-- Data provided follows --

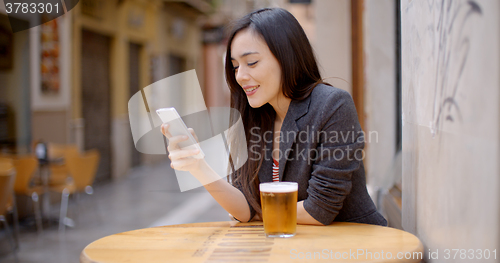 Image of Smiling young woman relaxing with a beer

-- Data provided concluded --
-- Data provided follows --

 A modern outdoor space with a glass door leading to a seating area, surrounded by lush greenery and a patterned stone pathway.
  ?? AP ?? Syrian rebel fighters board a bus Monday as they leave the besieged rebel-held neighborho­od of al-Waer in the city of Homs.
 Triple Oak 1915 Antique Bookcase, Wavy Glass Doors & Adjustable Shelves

-- Data provided concluded --
-- Data provided follows --

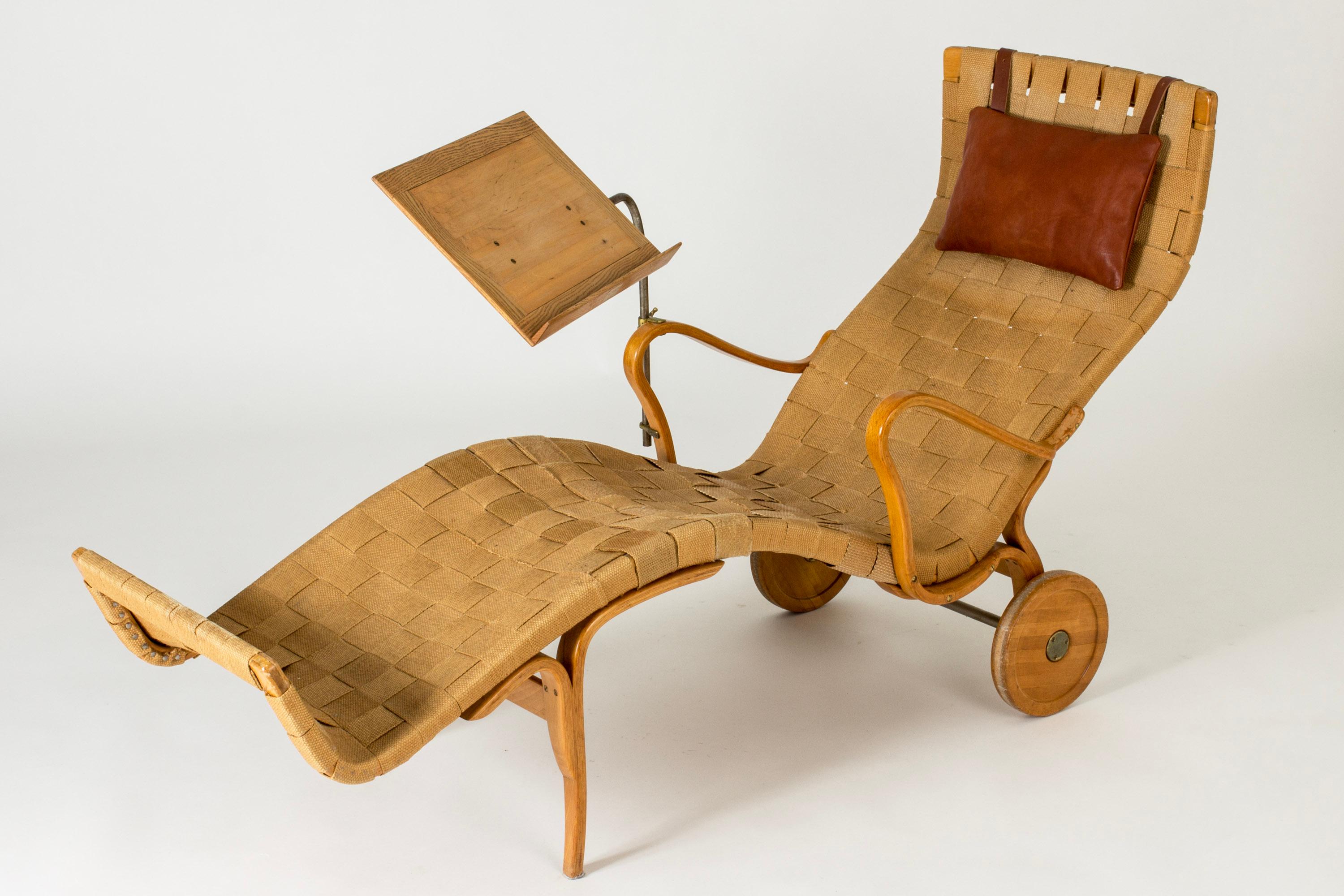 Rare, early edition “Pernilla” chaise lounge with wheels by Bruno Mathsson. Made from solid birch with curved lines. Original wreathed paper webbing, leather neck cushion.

-- Data provided concluded --

■ What to work on: Using the data above, reproduce exactly the lines from the line that contains "A modern outdoor" through the line that contains "Triple Oak 1915", including both.

■ Answer section:
 A modern outdoor space with a glass door leading to a seating area, surrounded by lush greenery and a patterned stone pathway.
  ?? AP ?? Syrian rebel fighters board a bus Monday as they leave the besieged rebel-held neighborho­od of al-Waer in the city of Homs.
 Triple Oak 1915 Antique Bookcase, Wavy Glass Doors & Adjustable Shelves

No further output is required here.